THE RECORDS ▸
★ ★ ★

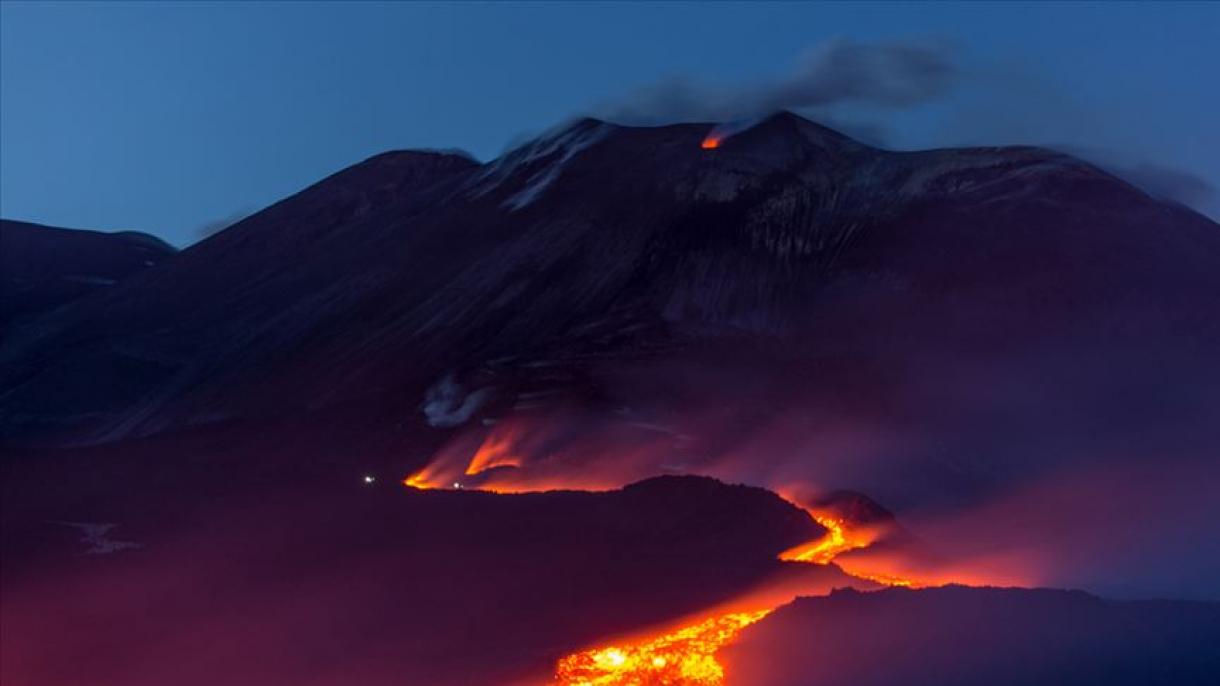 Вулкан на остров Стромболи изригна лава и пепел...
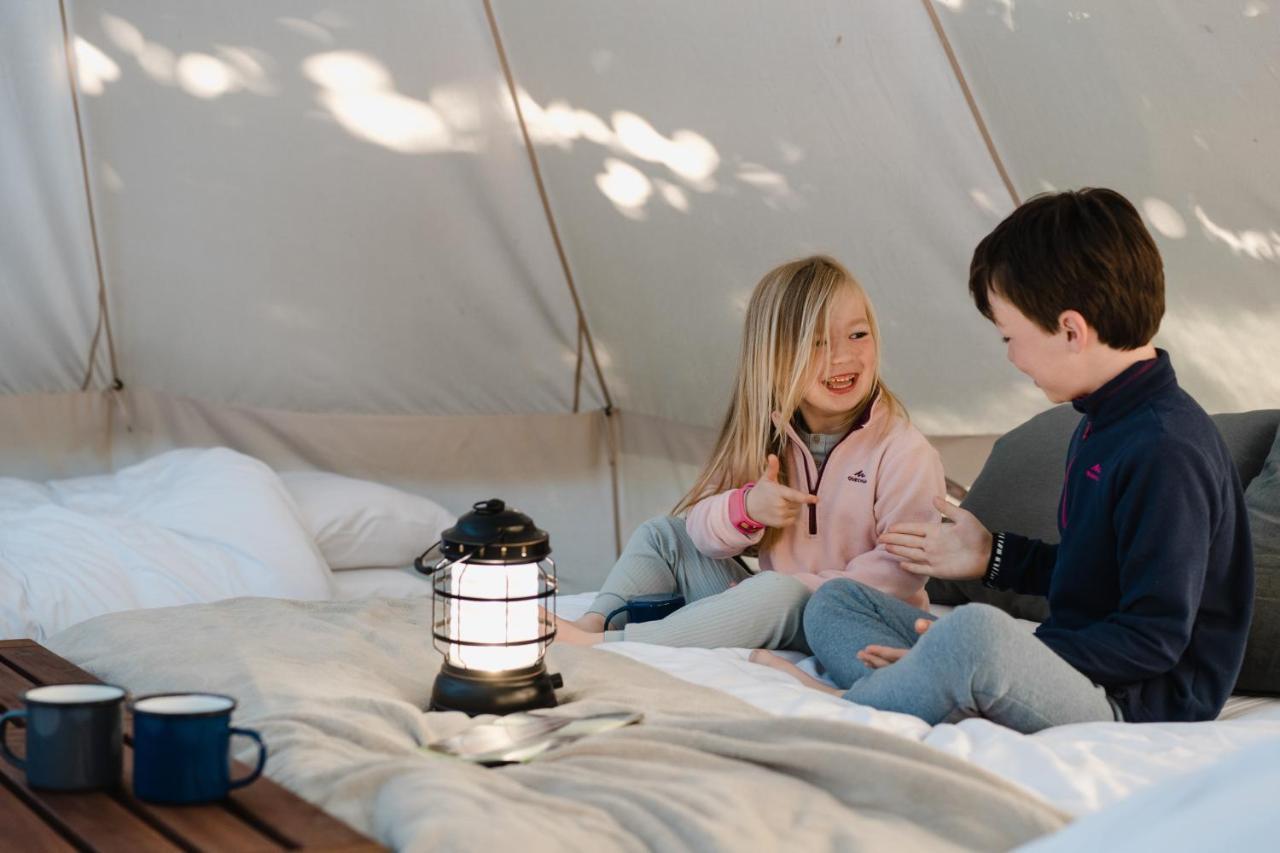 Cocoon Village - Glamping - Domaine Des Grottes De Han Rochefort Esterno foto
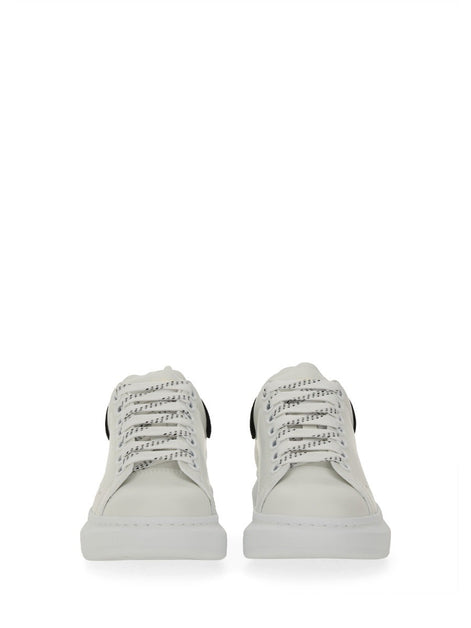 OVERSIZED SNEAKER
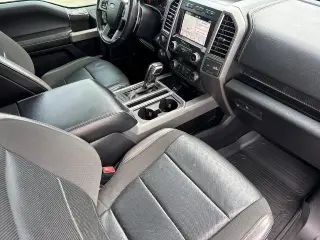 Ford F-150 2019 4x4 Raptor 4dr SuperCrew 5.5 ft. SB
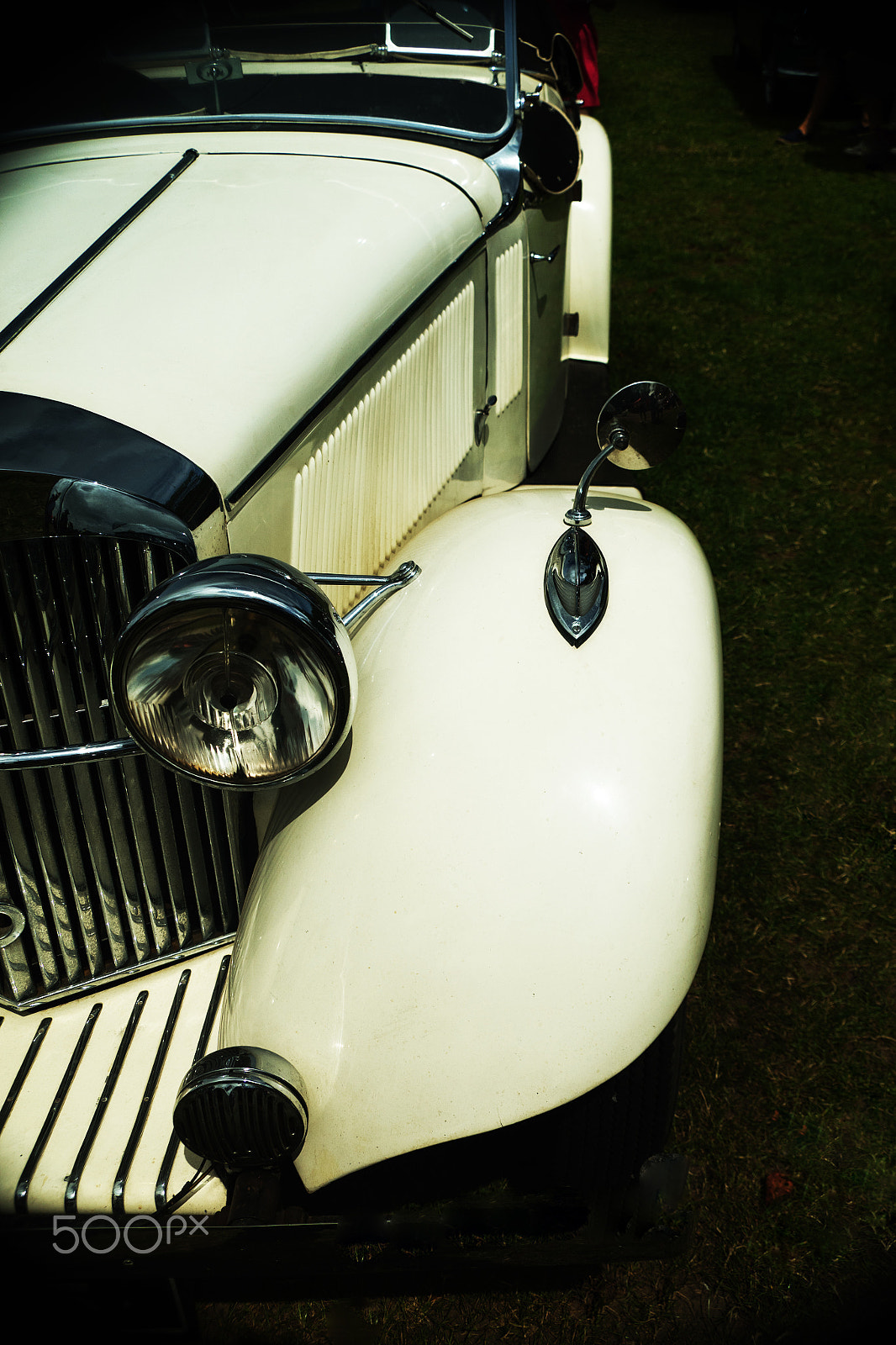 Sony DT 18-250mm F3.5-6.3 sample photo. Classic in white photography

★ ★ ★

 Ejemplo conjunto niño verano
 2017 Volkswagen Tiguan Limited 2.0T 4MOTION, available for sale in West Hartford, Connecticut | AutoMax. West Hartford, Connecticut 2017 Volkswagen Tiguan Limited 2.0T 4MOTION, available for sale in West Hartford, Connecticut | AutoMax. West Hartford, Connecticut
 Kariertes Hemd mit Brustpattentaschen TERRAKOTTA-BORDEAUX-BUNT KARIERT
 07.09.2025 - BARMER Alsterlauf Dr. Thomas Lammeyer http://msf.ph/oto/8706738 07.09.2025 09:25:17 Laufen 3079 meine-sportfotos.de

★ ★ ★

WHAT YOU HAVE TO DO ▸ Every line above from the line with "Ejemplo conjunto niño verano" to the line with "07.09.2025 - BARMER", inclusive, must be returned exactly; no other line belongs in the reply.

FINAL ANSWER ▸
 Ejemplo conjunto niño verano
 2017 Volkswagen Tiguan Limited 2.0T 4MOTION, available for sale in West Hartford, Connecticut | AutoMax. West Hartford, Connecticut 2017 Volkswagen Tiguan Limited 2.0T 4MOTION, available for sale in West Hartford, Connecticut | AutoMax. West Hartford, Connecticut
 Kariertes Hemd mit Brustpattentaschen TERRAKOTTA-BORDEAUX-BUNT KARIERT
 07.09.2025 - BARMER Alsterlauf Dr. Thomas Lammeyer http://msf.ph/oto/8706738 07.09.2025 09:25:17 Laufen 3079 meine-sportfotos.de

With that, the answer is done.